= DeWitt Tishman Architects =

DeWitt Tishman Architects was a New York architecture firm headed by Peter DeWitt. The firm, which has worked extensively in Jersey City is known for the use of brick, color, and pattern in designing residential towers within tight budget constraints.

Peter DeWitt founded the firm in 1992; the name was changed to DeWitt Tishman when Erica Tishman joined him in 1993. On December 17, 2019, Erica Tishman, wife of Steven Tishman, was killed when she was struck in the head by falling debris from a Manhattan high rise building.

==Style==
According to DeWitt, "Even a simple box building, built under tight budget restraints, can be animated by imaginative facade elements." Tishman says that, "We are not timid in our choice of brickwork and colors,.. We make bold use of pattern and color, which I think is what is very distinctive about our buildings."

According to New York Times architecture critic Antoinette Martin, "the team has helped pushed brick to its creative edge, designing structures that are instantly identifiable even in Hudson riverfront towns like Hoboken, where brick facades are as common as street signs." Martin cites the million-square-foot apartment tower at 333 River Street in Hoboken, describing it as "Simply not a building one could fail to notice. Clad in a coat of red, yellow and orange brick with alternating bands and solid-color strips, the structure seems to strut its stuff rather than just hunker down on the banks across from Midtown, as so many more staid older brick structures in Hoboken do." At 333 River Street, the firm used "red, yellow and terra cotta brick to break the tall building into smaller horizontal and vertical components" referencing the city's early 20th-century warehouses.

According to Tishman, at the Trump Plaza in Jersey City the firm "designed a brick building, articulated with setbacks and different colors of brick, and many large windows." Tishman described it as an example of "value engineering," reserving expensive materials for the building's public spaces.
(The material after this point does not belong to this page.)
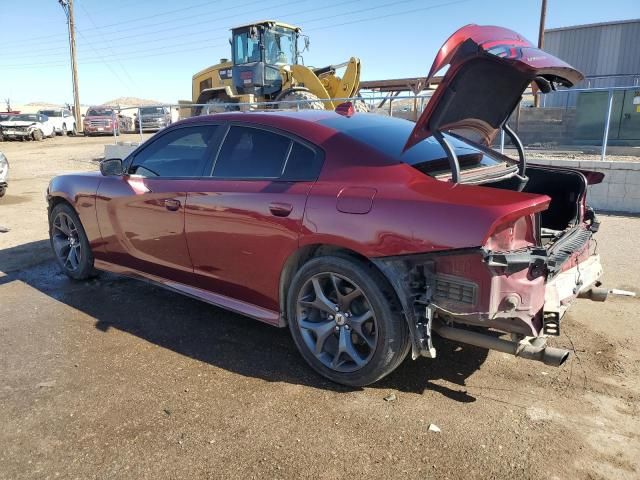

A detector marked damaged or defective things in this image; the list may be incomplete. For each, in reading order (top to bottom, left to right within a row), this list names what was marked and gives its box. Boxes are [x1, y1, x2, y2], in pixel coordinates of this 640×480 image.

damaged red dodge charger [48, 25, 604, 386]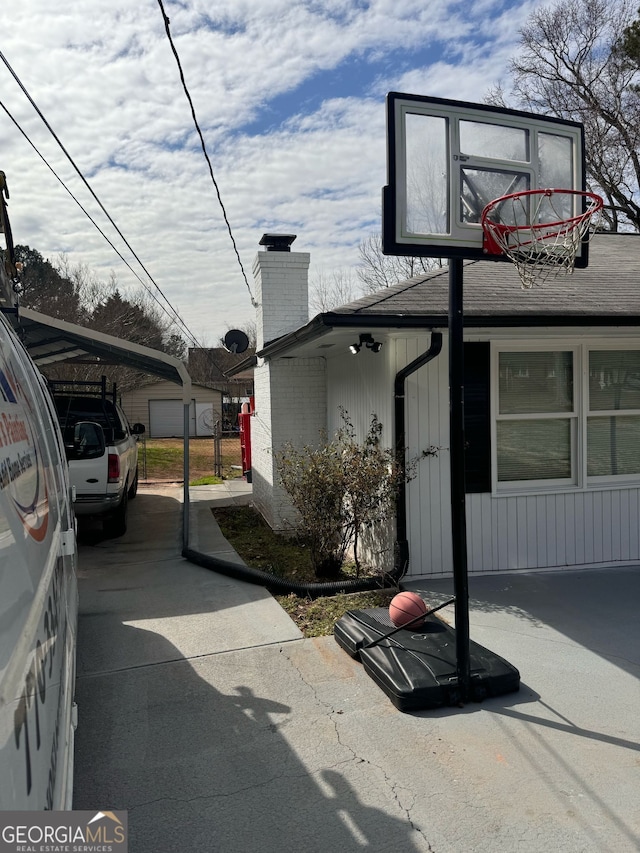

The New York Times described the lobby as, "distinctly lavish," with a huge limestone fireplace, oxidized bronze details, ebony woodwork and white onyx walls.

The New York Times credits DeWitt Tishman with helping create a "distinctive" skyline for the New Jersey riverfront.

Peter DeWitt died in 2022.

==Awards==
- Palladio Award 2005 for 124 Hudson Street in the Tribeca historic district.